# [Problem requirements]
Repeat the material in full. Keep every line exactly as it is.

# [Source records]
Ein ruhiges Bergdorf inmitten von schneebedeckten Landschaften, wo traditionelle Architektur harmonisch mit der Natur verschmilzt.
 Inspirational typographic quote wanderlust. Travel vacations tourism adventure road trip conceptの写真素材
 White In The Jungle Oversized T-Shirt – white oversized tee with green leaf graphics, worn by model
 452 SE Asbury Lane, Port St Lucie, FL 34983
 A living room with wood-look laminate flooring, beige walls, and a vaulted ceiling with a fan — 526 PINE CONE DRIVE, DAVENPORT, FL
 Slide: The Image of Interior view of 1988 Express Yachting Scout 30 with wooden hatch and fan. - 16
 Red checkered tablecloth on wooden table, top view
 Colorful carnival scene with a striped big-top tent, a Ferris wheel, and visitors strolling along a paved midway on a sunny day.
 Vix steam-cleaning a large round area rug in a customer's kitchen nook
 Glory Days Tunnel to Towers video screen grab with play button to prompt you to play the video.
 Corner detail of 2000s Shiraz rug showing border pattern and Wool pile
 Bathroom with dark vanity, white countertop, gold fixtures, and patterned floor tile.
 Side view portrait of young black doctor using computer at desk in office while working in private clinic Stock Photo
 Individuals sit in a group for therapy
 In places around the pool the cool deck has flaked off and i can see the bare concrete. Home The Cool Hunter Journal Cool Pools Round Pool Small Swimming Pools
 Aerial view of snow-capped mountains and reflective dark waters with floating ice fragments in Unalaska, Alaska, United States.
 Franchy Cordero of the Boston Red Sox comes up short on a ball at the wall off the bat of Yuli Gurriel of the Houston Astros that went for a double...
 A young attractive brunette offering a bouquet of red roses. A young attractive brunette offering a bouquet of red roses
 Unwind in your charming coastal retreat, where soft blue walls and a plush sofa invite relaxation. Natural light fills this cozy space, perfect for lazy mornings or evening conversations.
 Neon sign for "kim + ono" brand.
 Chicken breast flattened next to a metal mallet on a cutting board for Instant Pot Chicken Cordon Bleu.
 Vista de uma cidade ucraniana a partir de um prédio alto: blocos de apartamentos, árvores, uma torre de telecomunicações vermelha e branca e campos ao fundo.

# [Task response]
Ein ruhiges Bergdorf inmitten von schneebedeckten Landschaften, wo traditionelle Architektur harmonisch mit der Natur verschmilzt.
 Inspirational typographic quote wanderlust. Travel vacations tourism adventure road trip conceptの写真素材
 White In The Jungle Oversized T-Shirt – white oversized tee with green leaf graphics, worn by model
 452 SE Asbury Lane, Port St Lucie, FL 34983
 A living room with wood-look laminate flooring, beige walls, and a vaulted ceiling with a fan — 526 PINE CONE DRIVE, DAVENPORT, FL
 Slide: The Image of Interior view of 1988 Express Yachting Scout 30 with wooden hatch and fan. - 16
 Red checkered tablecloth on wooden table, top view
 Colorful carnival scene with a striped big-top tent, a Ferris wheel, and visitors strolling along a paved midway on a sunny day.
 Vix steam-cleaning a large round area rug in a customer's kitchen nook
 Glory Days Tunnel to Towers video screen grab with play button to prompt you to play the video.
 Corner detail of 2000s Shiraz rug showing border pattern and Wool pile
 Bathroom with dark vanity, white countertop, gold fixtures, and patterned floor tile.
 Side view portrait of young black doctor using computer at desk in office while working in private clinic Stock Photo
 Individuals sit in a group for therapy
 In places around the pool the cool deck has flaked off and i can see the bare concrete. Home The Cool Hunter Journal Cool Pools Round Pool Small Swimming Pools
 Aerial view of snow-capped mountains and reflective dark waters with floating ice fragments in Unalaska, Alaska, United States.
 Franchy Cordero of the Boston Red Sox comes up short on a ball at the wall off the bat of Yuli Gurriel of the Houston Astros that went for a double...
 A young attractive brunette offering a bouquet of red roses. A young attractive brunette offering a bouquet of red roses
 Unwind in your charming coastal retreat, where soft blue walls and a plush sofa invite relaxation. Natural light fills this cozy space, perfect for lazy mornings or evening conversations.
 Neon sign for "kim + ono" brand.
 Chicken breast flattened next to a metal mallet on a cutting board for Instant Pot Chicken Cordon Bleu.
 Vista de uma cidade ucraniana a partir de um prédio alto: blocos de apartamentos, árvores, uma torre de telecomunicações vermelha e branca e campos ao fundo.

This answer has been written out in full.